Industry experts from RSM, Stone Forest IT, Rajah & Tann and Microsoft shared insights on how businesses can seize opportunities from their digital transformation journey, while mitigating risks relating to cybersecurity and non-compliance with data protection regulations that come with it at our inaugural CIO2SME seminar on 21 September 2018.
Eileen Tan, Executive Director of Stone Forest IT, explained the process of progressing towards digital transformation, the effect of adopting digital technologies to impact all aspects of an organisation, including processes, competencies and the business model. “Businesses need to get into the mindset of embracing a cycle of change, as it will allow them to respond quickly and dynamically and make changes to their system or technology plan to support their operations,” she said. “Technology should be used to change the business model, instead of just converting manual or paper formats to digital formats, as this will significantly enhance business value.”
She said that the digital transformation journey starts with defining the vision and mission of the digital transformation plan, followed by identification of change agents who will advocate such transformation within the organisation. Next, the business goes through the six stages of digital transformation, the last of which is a periodic review of the digital transformation plan to ensure faster adaptation to changes. It should also invest in relevant, scalable and sustainable tools to help in different stages of the digital transformation.

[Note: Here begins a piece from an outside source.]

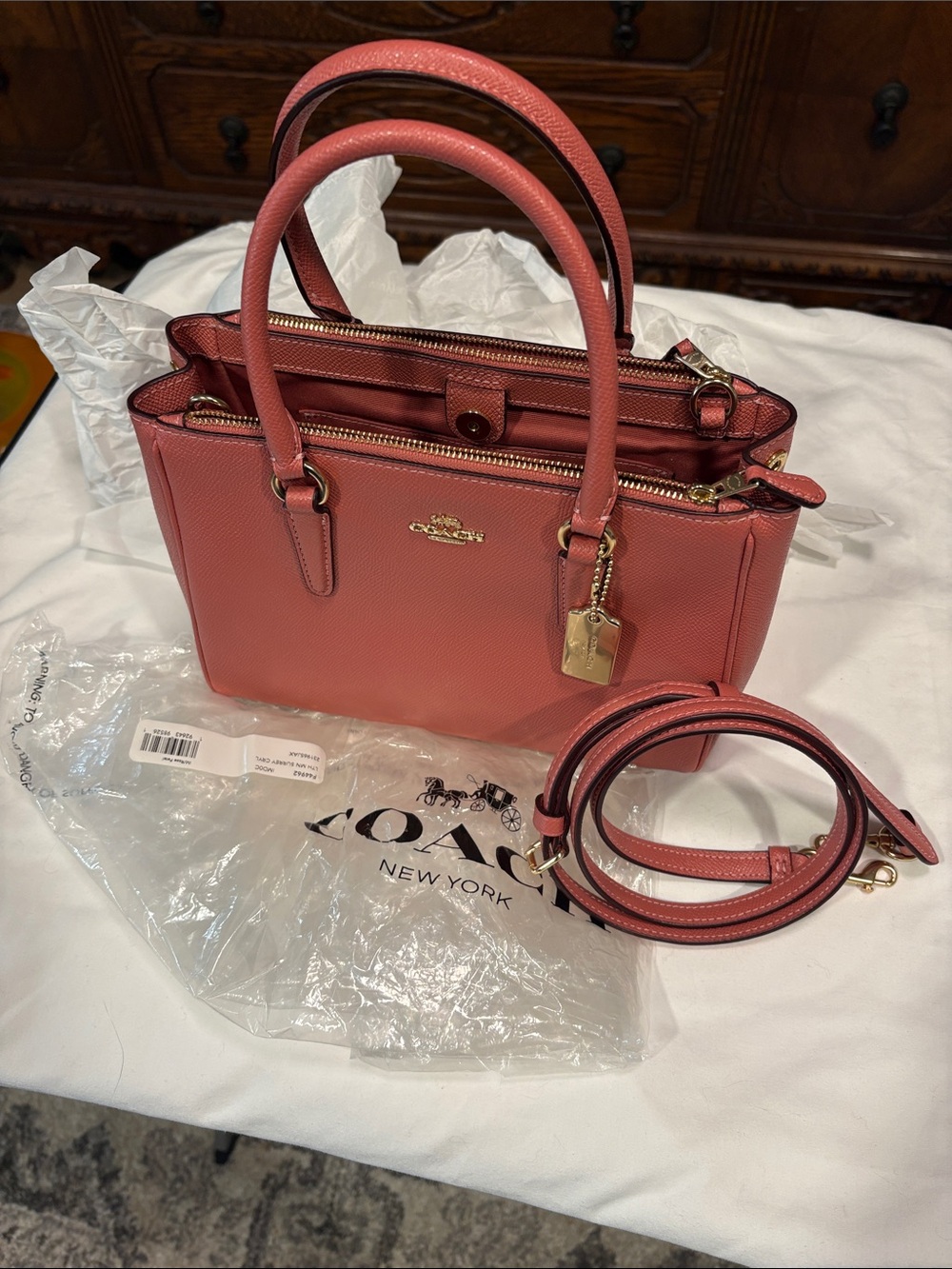 NWOT Coach Mini Surrey Carryall in Rose Petal Pink Satchel Crossbody F44962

Independent consultant, Tham Kok Wing, stressed the importance of cyber crisis management at a time when the rising popularity and adoption of mobile devices is expected to turn websites, apps and other channels, especially social media platforms, into a major cybersecurity battleground.
“Companies need to identify early warning signs of a possible breach through monitoring and tracking. Have a clear action plan with an integrated approach for an appropriate and timely response, while activating assets for support and recovery,” he said.
Hoi Wai Khin, Director of Risk Advisory at RSM, explained how an organisation’s technology risk programme can balance security and resilience requirements with strategic objectives and risk appetite.
“Companies need to identify their ‘crown jewels’, or most important assets, and assess all risks relating to those assets,” he said, adding that cybersecurity insurance can help to mitigate the costs of addressing cybersecurity incidents.
Auditors also play a crucial role in cybersecurity as they help to identify and reduce vulnerabilities, as well as lower the risk of non-compliance with regulations that could result in hefty financial penalties.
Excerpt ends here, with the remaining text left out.